Gaining stakeholder buy-in for DevSecOps comes with some upfront work. You don’t want to present to your department’s leadership, much less your C-Suite, to talk about DevSecOps unless you have an accurate picture of where your development teams are currently and where they need to go in the future.

Here are three tips for preparing to get stakeholder buy-in for DevSecOps:

1. Analyze your Development Process Maturity

Whether DevSecOps is just the next step in your DevOps journey or you’re making your initial foray into DevSecOps straight from a waterfall SDLC, a critical step in the first phase is to analyze the maturity of your software development process. Your analysis should include:

  • Document any current state processes
  • Gather any reporting data about your current development processes
  • Interview key developers about what’s working and not currently working in your development processes
  • Interview key security team members about what’s working well and what’s not working in their processes and procedures that support your applications in development and production

Before presenting this information to your stakeholders, distill it down into the key points in a format that’ll resonate with your stakeholders. For example, if you work in a data-driven organization, then let the numbers tell your story. Non-technical stakeholders may also need a quick DevOps to DevSecOps education that hones in on how DevSecOps benefits their piece of the business. 

2. Define DevSecOps for your Organization

Software vendor marketing and the OSS community each put their spin on the definition of DevSecOps. Therefore, as part of your outreach, it’s important to define DevSecOps for your organization, including:

  • What DevSecOps means to your organization
  • The expected outcomes after moving to DevSecOps
  • The tools and processes your organization is putting into place to ensure employee success

Spare your teams from any misunderstandings and document your DevSecOps definition. Post that definition in a place that’s accessible to all your team members and stakeholders. It’s not about creating a project charter for your DevOps to DevSecOps transformation, but defining your true north.

3. Plan for a DevSecOps Culture

Like DevOps, you can’t buy DevSecOps. Your managers and key technology team members need to work together to foster DevSecOps cultural philosophies that take your DevOps foundation to DevSecOps transformation.

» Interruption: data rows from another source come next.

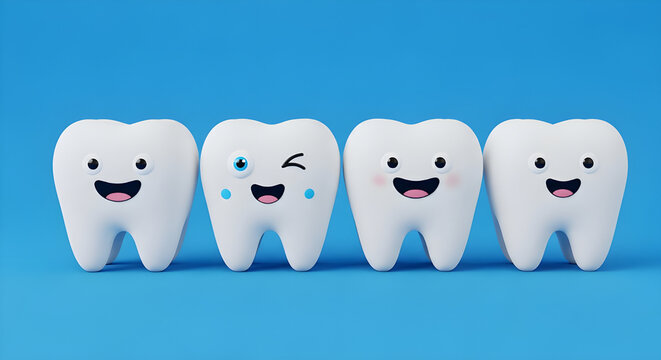 White teeth characters with cute faces and happy expressions standing in a row against a solid blue background illustration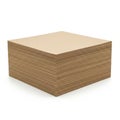 Stack of brown cardboard sheets neatly piled on a white background Royalty Free Stock Photo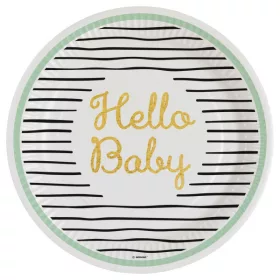Hello Baby Gold-Pappteller, 8 Stück, 23 cm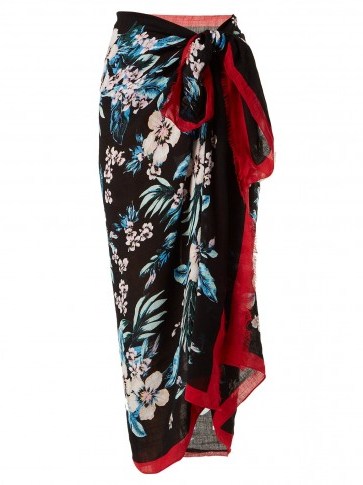 DIANE VON FURSTENBERG Bolan linen-blend sarong / floral beach accessory - flipped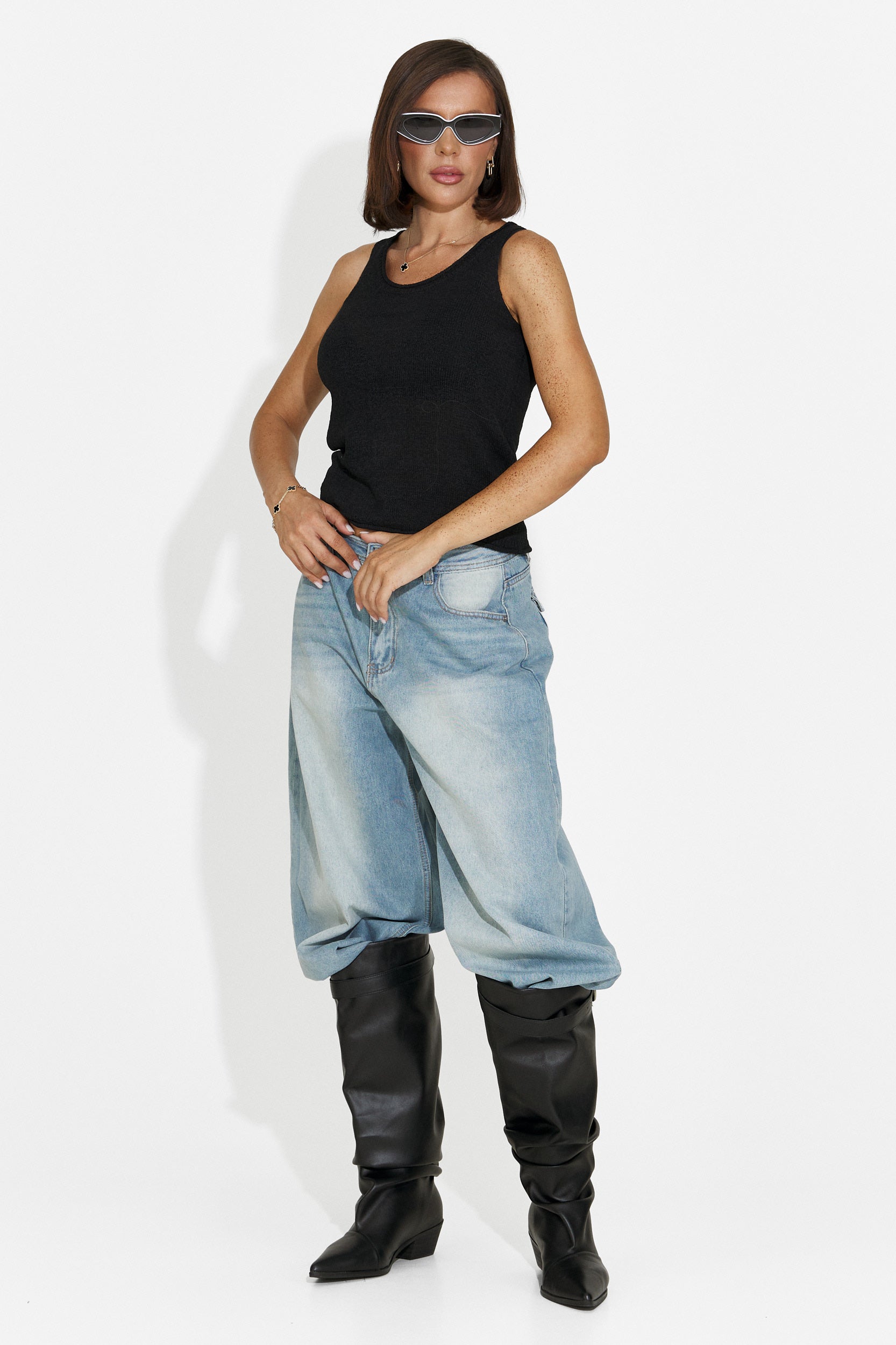 Women's casual black tank top Viris Bogas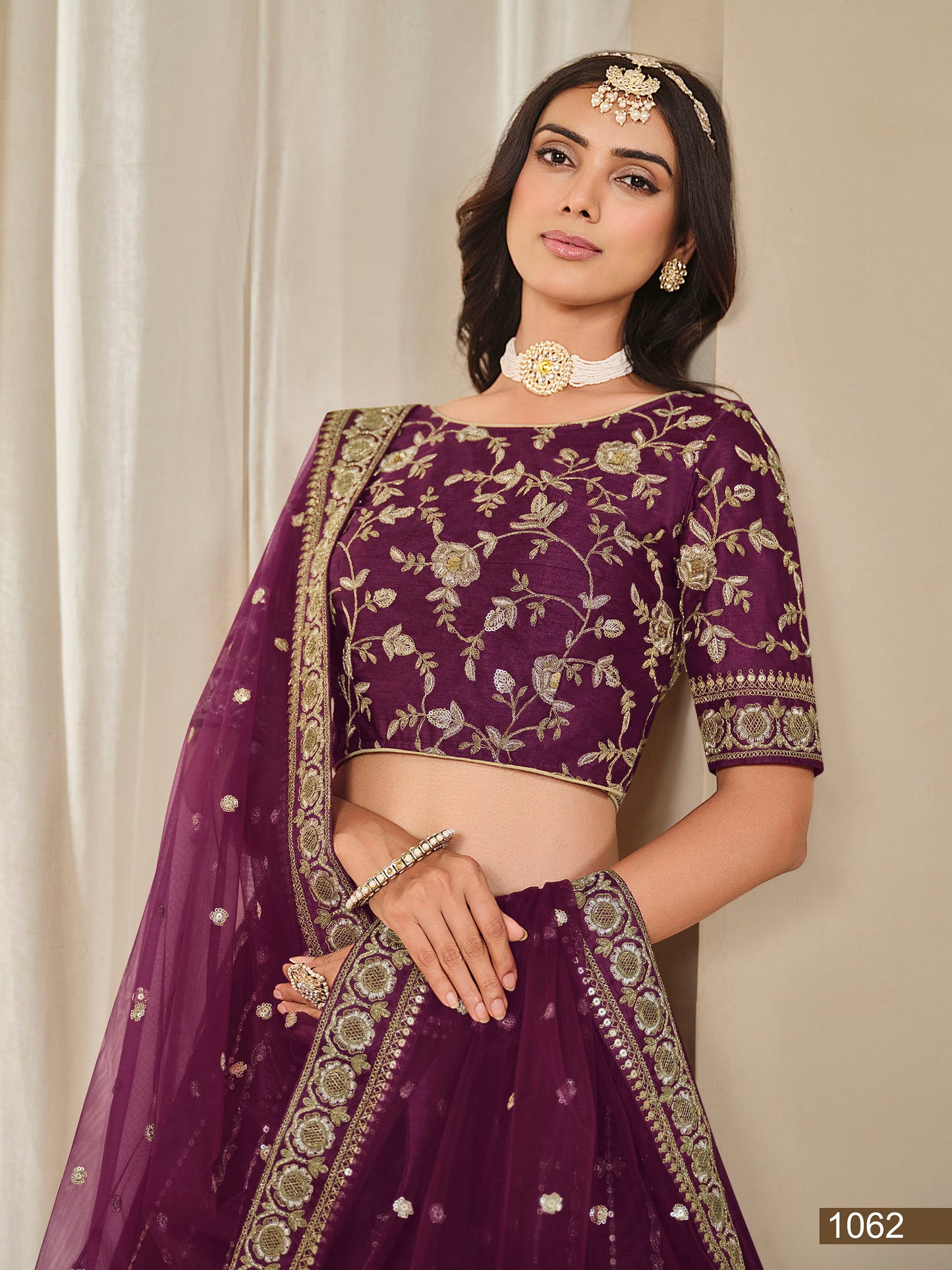Purple Thread & Sequins Art Silk Wedding Guest Lehenga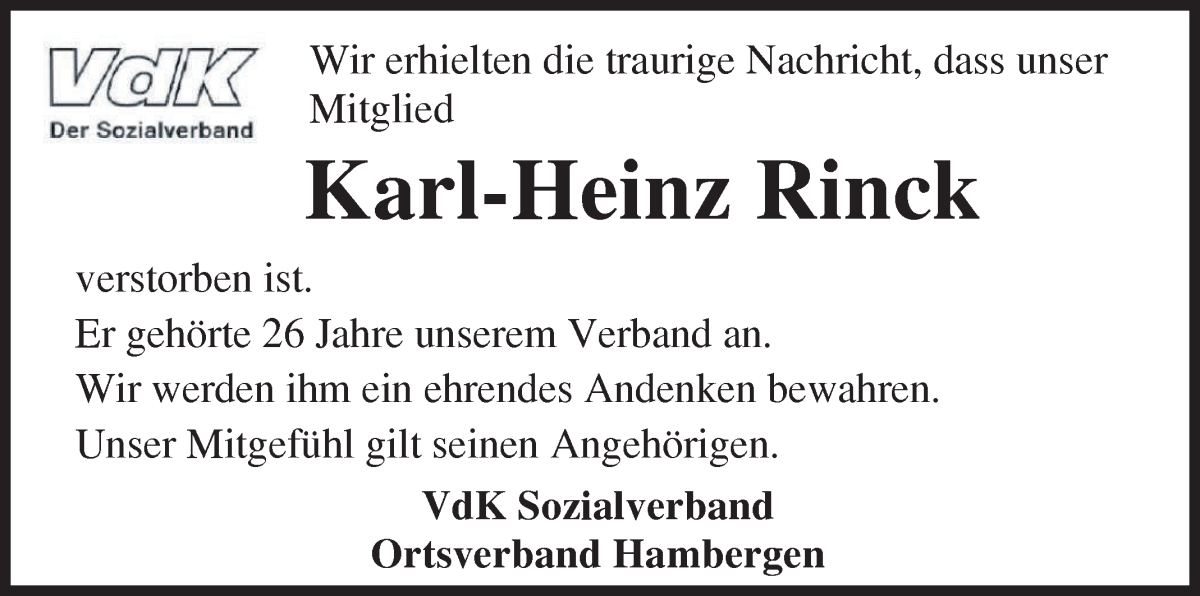 Traueranzeige von Karl-Heinz Rinck von Osterholzer Kreisblatt
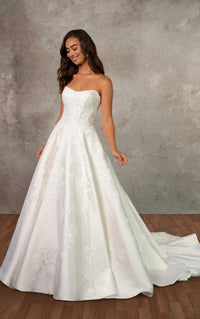33610 - Romantic A-Line Wedding Gown with Flowy Skirt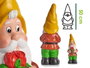Ibergarden Nain de Jardin en Céramique 50 cm Couleurs Vives (Assorti) (Set de 4)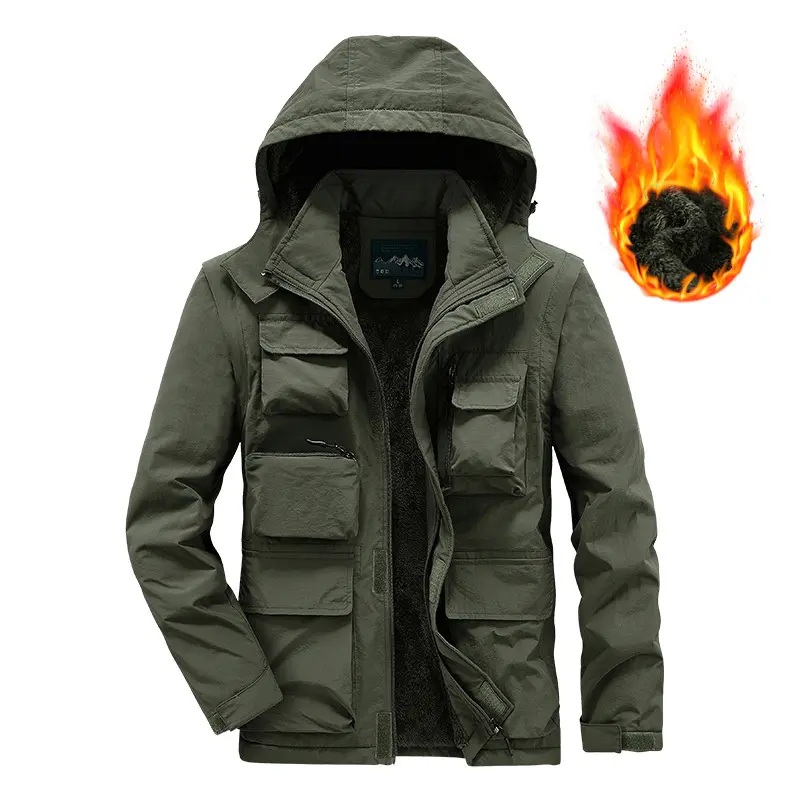 Men Multi Pockets Outdoor Jackets Hooded Casual Winter Warm Parkas Fleece Down Jackets New Male Military Jackets Men's Clothing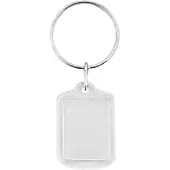Combicraft Plexiglas sleutelhanger blanco rechthoek klein 21x28mm - 10 stuks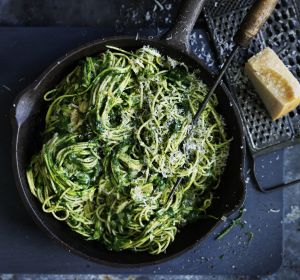 Adam Liaw's vegetarian spring pasta: Spaghetti with zucchini and spinach.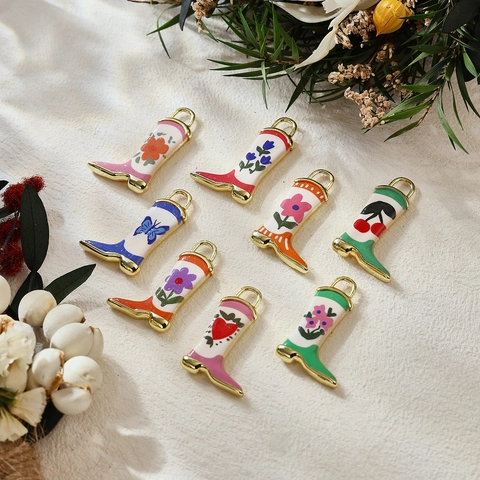 Vintage Cowboy Boot Enamel Pendants Gold Plated Alloy Flower Heart Butterfly Charms For DIY Jewelry Necklace Making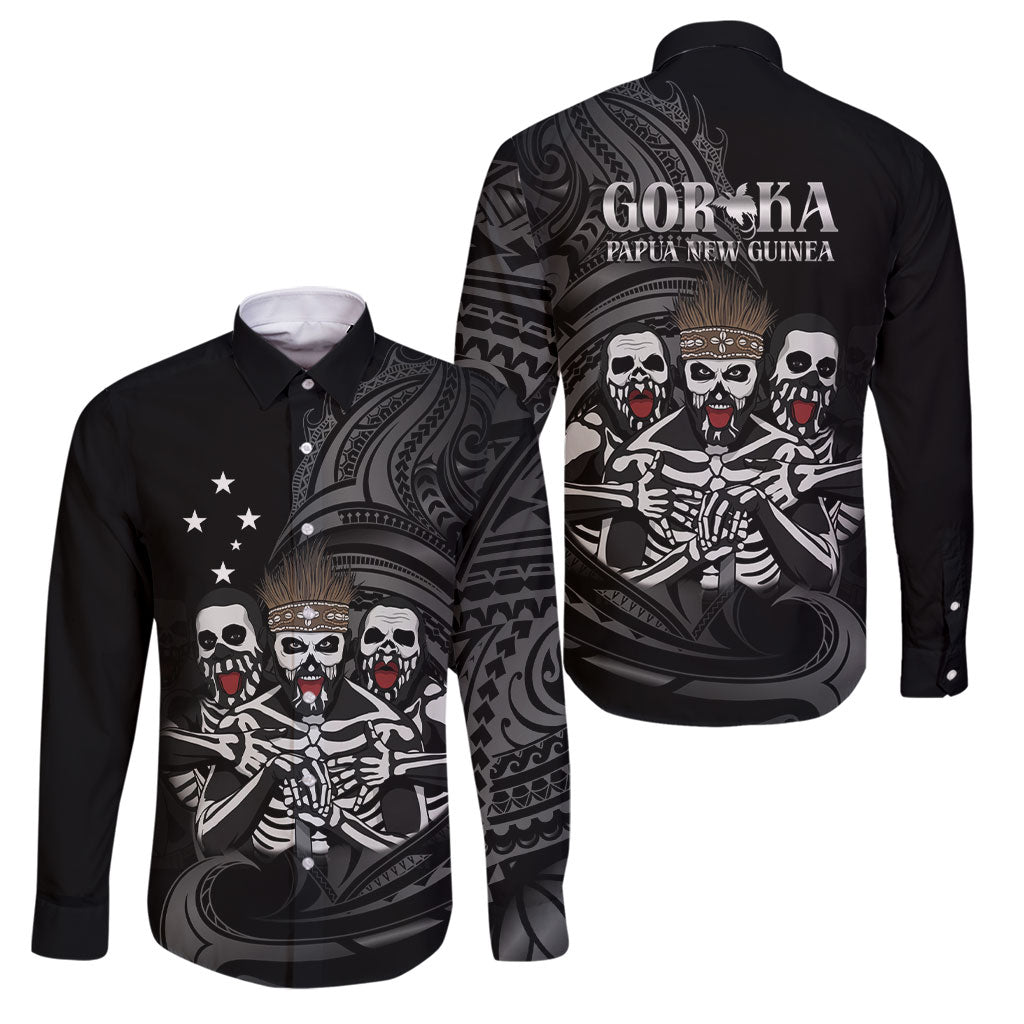 Skeleton Tribe Simbu Province Family Matching Puletasi and Hawaiian Shirt Papua New Guinea Indigenous Pattern LT9 Dad's Shirt - Long Sleeve Black - Polynesian Pride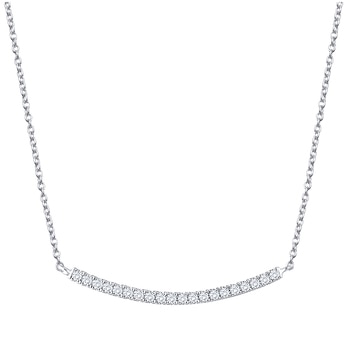 18KT White GoldRound Brilliant Cut 0.15ctw Diamonds Necklace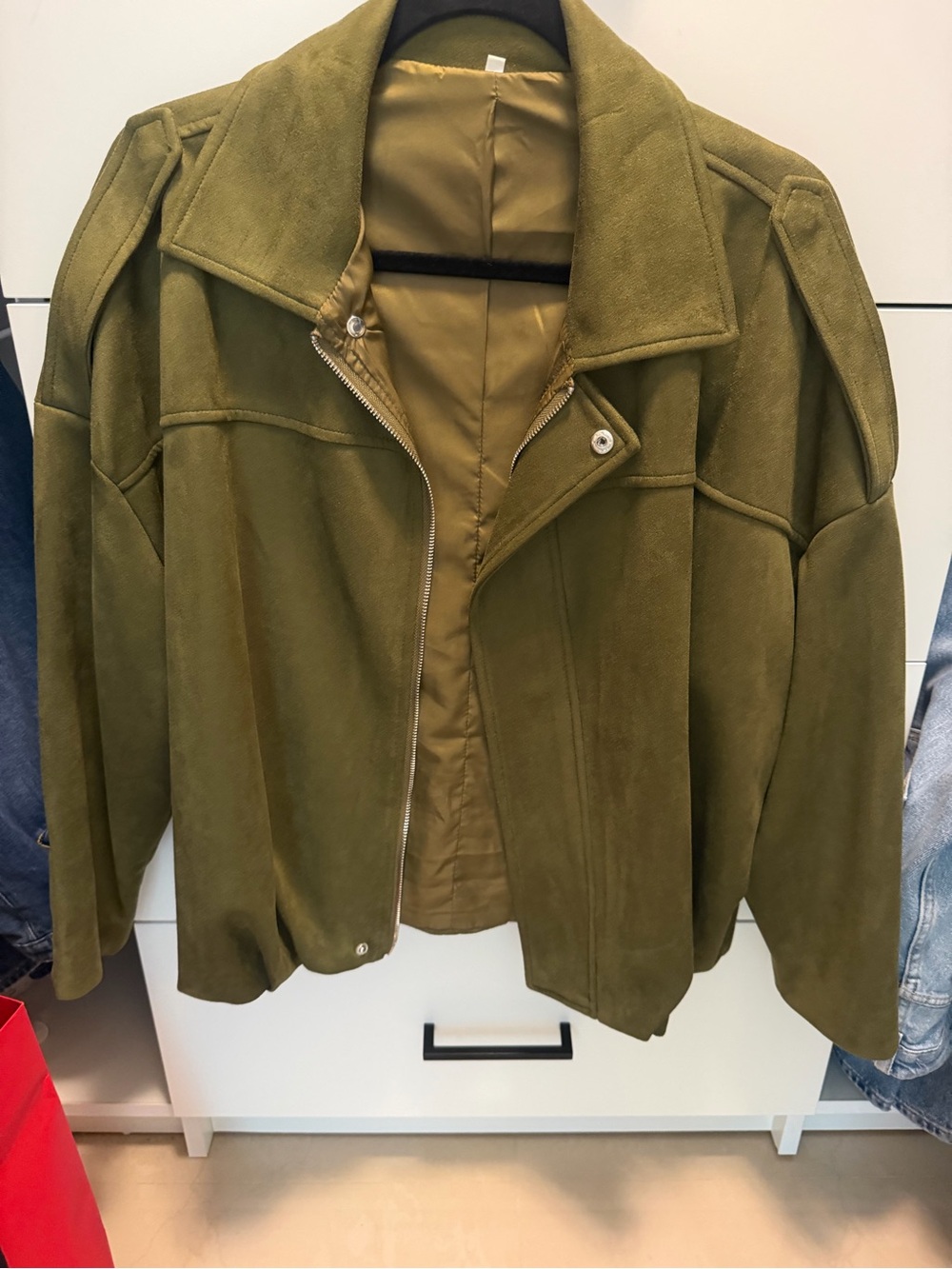 Olive Green Suede Jacket - Oversize Fit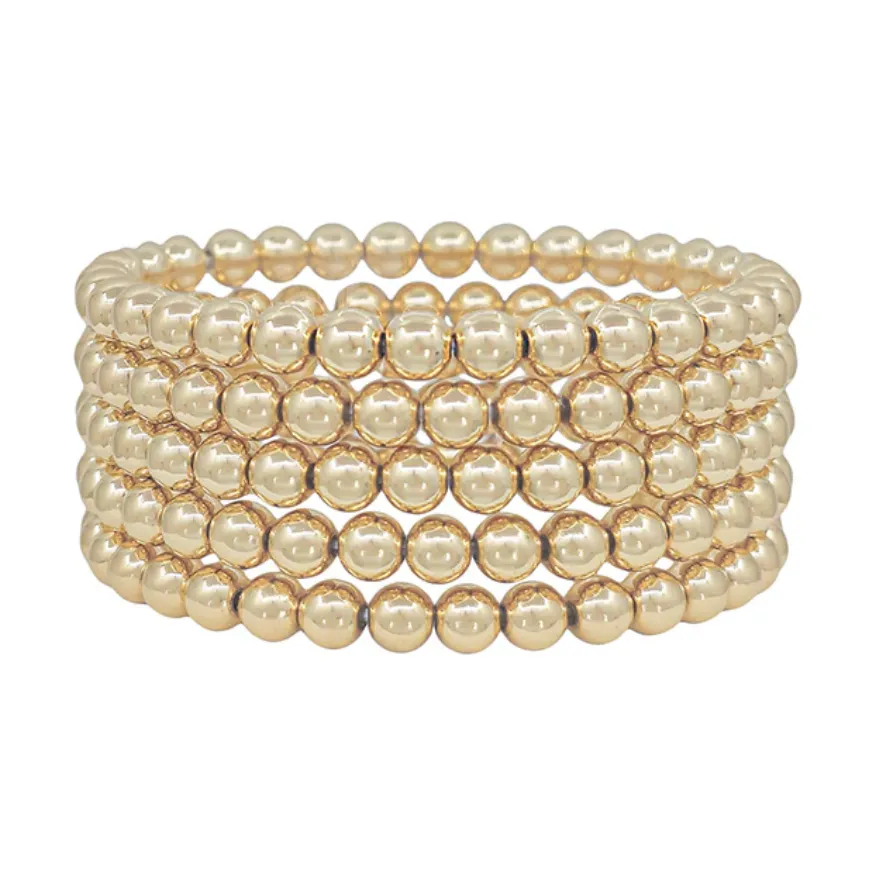 Water Resistant Gold 6MM Beaded Stack Of 5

Culture can be a squishy word to some stakeholders. It’s important to couch DevSecOps culture in business terms with an eye for how it benefits the organization. A simple way to do this is to create a DevSecOps roadmap with milestones for each major transformation point, including:

Continuous Feedback and Interaction

Cross-functional DevSecOps teams may collaborate remotely, which can create challenges with continuous feedback. It’s not about a manager delivering feedback on the DevSecOps team performance. Instead, it’s about enabling teams to collaborate more effectively. ChatOps tools such as Slack, Microsoft Teams, and MatterMost can now replace email for DevSecOps teams. As technology such as artificial intelligence (AI) improves, you can expect to see more automation through chatbots.

Container-Based Architectures

The shift to cloud-native applications is driving the adoption of container-based delivery models.  DevSecOps plays a critical role in the move to container-based architectures, which can be a cultural change in and unto itself for DevOps teams. A proper and robust implementation of containers changes developer and operations cultures because it changes the development model of how architects design solutions, programmers create code, and how operations teams maintain production applications.

Team Autonomy

Like DevOps, DevSecOps is no place for micromanagers at any level of your organization. A standard part of DevSecOps culture is enabling your teams to choose their own tools and create their processes based on the way they work. DevSecOps also promotes distributed decision models to support greater innovation and delivery velocity.

Automation

DevSecOps extensively embeds automation for security checks and remediation workflows directly into DevOps processes and toolchains. An automation strategy that extends to security is a sign of a healthy DevSecOps culture. 

DevSecOps Training for Developers

Another step to security becoming part of everyone’s job is to provide security training for your developers. Training could take the form of in-house developer training in casual formats such as Lunch and Learns or more formal training classes conducted by your organization’s training department. Another option is to send your developers to a third-party training provider to get the requisite security training. Depending on your security ambitions (and budget), there is always the option to send your DevOps team members to get a vendor certification such as the DevSecOps Foundation certification from the DevOps Institute the Certified DevSecOps Professional (CDP) from practical-devsecops.com.

Final Thought

Preparing your case to advance your DevOps journey with data, a current state picture of your development processes, and a plan to transform your development team culture enables you to meet your stakeholders with the facts and strategy they require to make a decision to grant budget and staffing to the effort.